Cette escalade complique également la posture militaire américaine dans la région. Le Pentagone a ordonné le déploiement de 2 000 à 3 000 soldats de la 82e division aéroportée au Moyen-Orient, en plus de deux unités expéditionnaires des Marines déjà en route, portant à 6 000 à 8 000 le nombre de soldats américains susceptibles d’opérer à proximité de l’Iran.
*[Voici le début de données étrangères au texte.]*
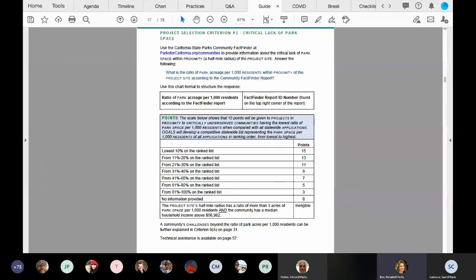Regarding ineligibility: if your community fact finder report shows that your half-mile radius has more than three acres of park space per 1,000 residents and the community has a median household income above $56,982 — both of them — then the project site is ineligible.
Le porte-avions USS Gerald R. Ford, endommagé, se trouve en réparations en Crète ; son retour en mer Rouge l’exposerait directement aux capacités balistiques et de drones houthis.
Le secrétaire d’État américain Marco Rubio a déclaré devant le Congrès que Washington entendait atteindre ses objectifs militaires sans troupes au sol, tout en maintenant le déploiement terrestre comme option de contingence. Un gel de dix jours sur les frappes contre le secteur énergétique iranien, annoncé par le président Donald Trump le 26 mars, court jusqu’au 6 avril — date à laquelle une décision sur la poursuite des opérations est attendue.